Tins of golden syrup (a viscous amber treacle) and jars of Vegemite are edible ornamentation. Squat bottles of Bundaberg ginger beer sit in kangaroo-clad four-packs. Nosh surrounds itself with these Aussie essentials, flavors of empire and independence alike. For owner Susan McKenna, they’re tastes of home.
McKenna packed up her pantry and settled in San Pedro some 20 years ago. Having previously run a cafe on a rough-hewn Sydney street, she’s brought a Down Under touch to San Pedro that flourishes at the nearly 3-year-old Nosh. Yet as the restaurant has become the criterion by which the harbor measures its cafe culture, McKenna maintains her humility.
“ ‘Restaurant’ might be too grandiose a term,” she laughs. “Nosh was just supposed to be a place to get coffee and some toast.”

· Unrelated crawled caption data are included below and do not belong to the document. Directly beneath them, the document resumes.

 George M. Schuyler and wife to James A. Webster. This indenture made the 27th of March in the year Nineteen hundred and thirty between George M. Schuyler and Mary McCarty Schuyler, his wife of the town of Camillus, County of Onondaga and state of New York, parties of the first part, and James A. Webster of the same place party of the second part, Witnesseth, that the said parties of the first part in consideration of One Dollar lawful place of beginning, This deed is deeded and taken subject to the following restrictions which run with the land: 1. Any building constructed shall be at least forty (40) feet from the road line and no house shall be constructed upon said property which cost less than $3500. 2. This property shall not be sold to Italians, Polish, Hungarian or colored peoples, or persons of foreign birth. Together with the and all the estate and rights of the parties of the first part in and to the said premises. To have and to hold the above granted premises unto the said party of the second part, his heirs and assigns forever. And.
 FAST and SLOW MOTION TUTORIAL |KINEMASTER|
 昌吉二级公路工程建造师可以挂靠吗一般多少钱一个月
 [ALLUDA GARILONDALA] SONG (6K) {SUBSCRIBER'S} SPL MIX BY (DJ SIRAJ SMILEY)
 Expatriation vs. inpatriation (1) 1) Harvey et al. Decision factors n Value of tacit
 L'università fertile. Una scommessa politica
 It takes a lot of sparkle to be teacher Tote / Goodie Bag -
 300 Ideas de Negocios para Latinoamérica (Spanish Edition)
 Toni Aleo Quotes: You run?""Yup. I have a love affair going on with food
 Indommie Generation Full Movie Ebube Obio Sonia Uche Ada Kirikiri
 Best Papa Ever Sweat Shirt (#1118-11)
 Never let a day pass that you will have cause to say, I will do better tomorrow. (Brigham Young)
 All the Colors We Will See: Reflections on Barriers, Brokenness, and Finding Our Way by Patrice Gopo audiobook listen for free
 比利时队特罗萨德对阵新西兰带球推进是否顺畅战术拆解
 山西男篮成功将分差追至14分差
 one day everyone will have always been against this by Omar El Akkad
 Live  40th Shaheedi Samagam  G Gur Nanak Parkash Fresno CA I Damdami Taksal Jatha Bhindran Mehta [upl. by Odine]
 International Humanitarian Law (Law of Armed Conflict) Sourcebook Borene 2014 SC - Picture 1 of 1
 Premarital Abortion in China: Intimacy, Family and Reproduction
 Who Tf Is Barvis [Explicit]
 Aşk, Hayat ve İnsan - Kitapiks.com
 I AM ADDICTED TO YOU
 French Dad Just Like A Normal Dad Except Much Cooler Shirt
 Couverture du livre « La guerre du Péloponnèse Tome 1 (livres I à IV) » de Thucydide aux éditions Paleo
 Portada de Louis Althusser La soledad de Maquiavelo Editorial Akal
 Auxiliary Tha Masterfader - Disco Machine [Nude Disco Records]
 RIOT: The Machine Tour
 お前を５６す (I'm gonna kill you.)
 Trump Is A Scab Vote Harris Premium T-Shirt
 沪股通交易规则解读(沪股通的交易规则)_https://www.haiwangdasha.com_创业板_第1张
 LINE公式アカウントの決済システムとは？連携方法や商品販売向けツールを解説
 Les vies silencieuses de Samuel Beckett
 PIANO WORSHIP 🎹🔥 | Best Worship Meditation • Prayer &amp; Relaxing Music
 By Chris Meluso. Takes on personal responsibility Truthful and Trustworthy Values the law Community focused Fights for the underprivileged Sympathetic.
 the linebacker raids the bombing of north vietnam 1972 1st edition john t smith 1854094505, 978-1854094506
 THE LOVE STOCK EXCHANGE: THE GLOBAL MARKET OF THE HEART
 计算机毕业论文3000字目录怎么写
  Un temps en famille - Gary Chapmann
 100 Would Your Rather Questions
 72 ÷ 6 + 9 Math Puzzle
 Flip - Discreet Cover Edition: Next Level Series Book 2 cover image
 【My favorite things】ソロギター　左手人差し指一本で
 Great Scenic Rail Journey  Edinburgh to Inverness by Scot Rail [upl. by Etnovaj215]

From that understatement often comes grace. It’s a trait found in every bowl of breakfast rice pudding, as creamy and substantial as risotto. The pudding — a milky oatmeal alternative spiked with cinnamon — is horchata as breakfast, made complete with a poached pear or a cup of fresh fruit.
House-made croissants — weightless crescents baked to a tawny sheen — are excellent on their own or made into a sandwich stuffed with an egg and brown-sugar bacon. Mornings become inventive with what Nosh calls a breakfast pie, a kind of muffin-ized frittata McKenna developed to feed the mobile needs of her bike-riding customers. Suspended in a fluffy mass of eggs is a ribbon of ham, spinach, mushrooms and chunks of roasted tomato. It’s baked in a muffin cup for maximum portability.
Nosh has something for every hour of the day, even between meals. Late risers might try fulfilling McKenna’s vision with a piece of toast topped with bangers and caramelized onions or goat cheese, honey and dates. Those running on empty can snack on a sausage encased in golden, buttery pastry.
Afternoons are spent over sandwiches, soups and mint-kissed lemonades. Options are uncomplicated but elegant, like the chicken curry sandwich dotted with golden raisins and sweetened with mango chutney, or the turkey, poached pear and brie panino. Soups follow the ebbs and flows of the market. One month might bring carrot-onion and roasted corn soups, another watermelon gazpacho and vegan black bean chili.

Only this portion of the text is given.